Monday 8 December 2014

SQL Theory: What is a Window Aggregate Function?

What is a Window Aggregate Function?


As I have been presenting at SQL Saturdays and user group events on the window functions and enhancements with SQL Server 2012, I have learned that many SQL Server professionals have not heard about window aggregate functions that have been around since SQL Server 2005. Window aggregate functions allow you to return summary values like SUM, MIN, MAX, COUNT and AVG along with details. In other words, window aggregate functions let you add aggregate calculations to non-aggregate queries.
So, how does this work? Imagine that all the rows are ready to be returned and there is one last chance to perform calculations on these rows before the data is returned to the client.  We can also define the window or set of rows that the aggregate function will perform the calculation on.
The simplest example is to return a grand total over all the rows along with the details. One non-window function method is to use a sub-query within the SELECT clause as shown in the next example.
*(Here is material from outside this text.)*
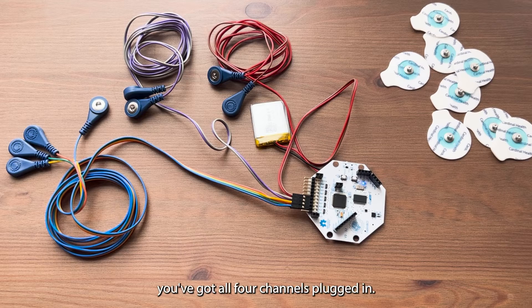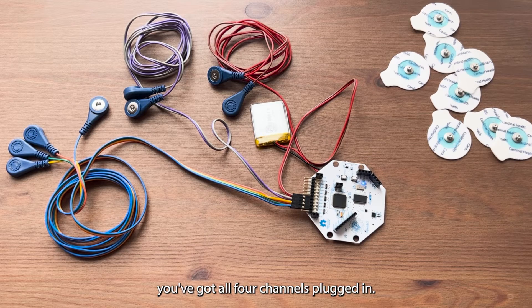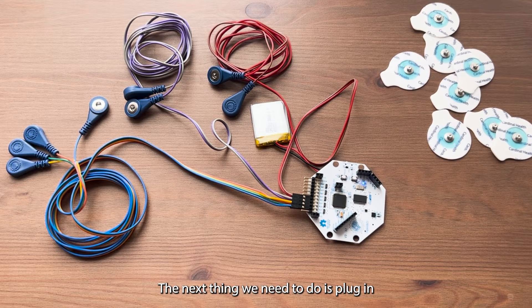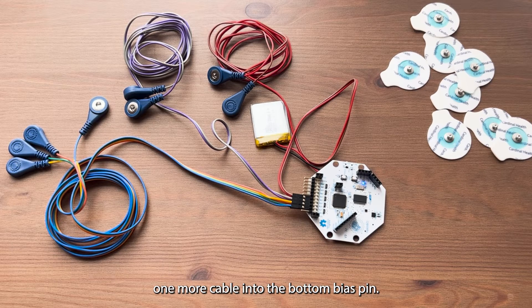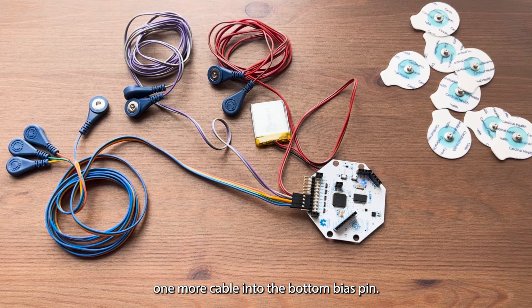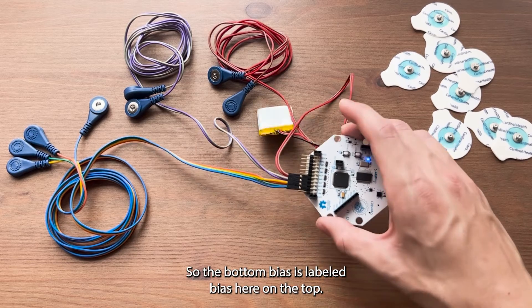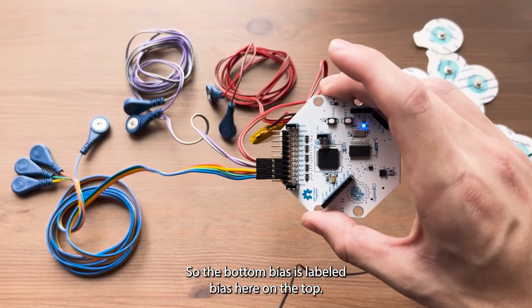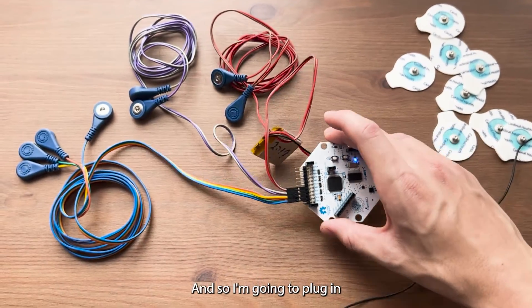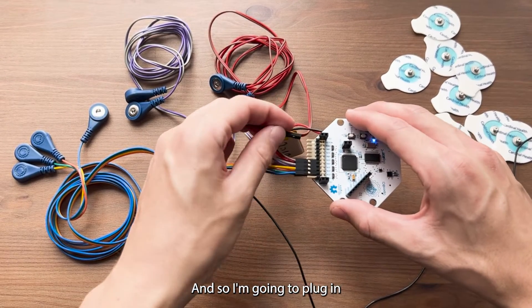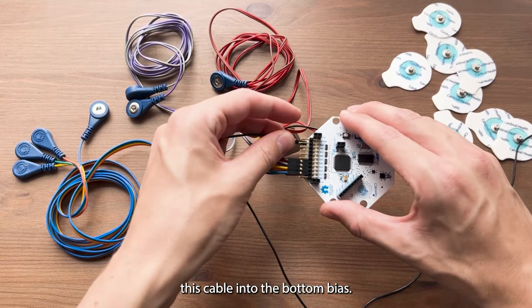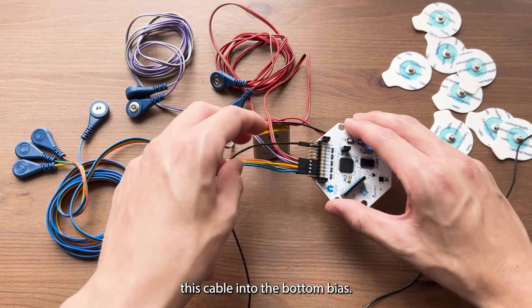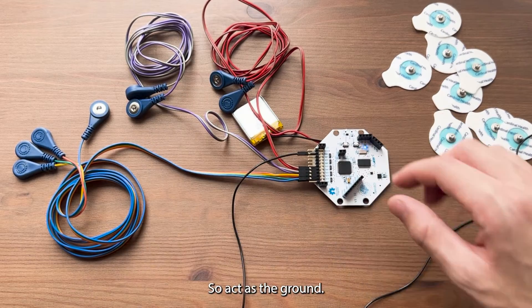After you've got all four channels plugged in, the next thing we need to do is plug in one more cable into the bottom bias pin. The bottom bias is labeled bias here on the top. So I'm going to plug in this cable into the bottom bias to act as the ground.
NOTE: These examples use the AdventureWorks database.
SELECT  SalesOrderID, CustomerID,OrderDate,  TotalDue,
 (SELECT SUM(TotalDue) FROM Sales.SalesOrderHeader) AS GrandTotal
FROM Sales.SalesOrderHeader;
When using the window aggregate method, the OVER clause allows us to define the window that the function will operate on. When using the OVER clause, empty parentheses mean the entire result set. Using the OVER clause to define a window for the SUM function to work on, the query can be written like this to get the same results:
SELECT  SalesOrderID, CustomerID,OrderDate,  TotalDue,
 SUM(TotalDue) OVER()AS GrandTotal
FROM Sales.SalesOrderHeader)

All window functions require the OVER clause. The OVER clause contains the definition of the window for the function to operate on, and empty parentheses mean the window consists of the entire result set. The next thing you can do is to create smaller windows by partitioning on one or more of the columns. For example, you may want to get a sub-total of each customer’s orders. To do this without window functions, you could write a correlated sub-query as shown in the next example:
SELECT  SalesOrderID, CustomerID,OrderDate,  TotalDue,
     (SELECT SUM(TotalDue)
      FROM Sales.SalesOrderHeader InnerQuery
      WHERE  InnerQuery.CustomerID = OuterQuery.CustomerID)AS CustomerTotal
FROM Sales.SalesOrderHeader OuterQuery
ORDER BY CustomerID;
 
To accomplish the same thing with window aggregates, you add the PARTITION BY option to the OVER clause. Now, instead of one window for the calculation, you have multiple, smaller windows defined. It’s not the official terminology, but I like to think of these as panes within the larger window. The following query demonstrates how to use the PARTITION BY clause.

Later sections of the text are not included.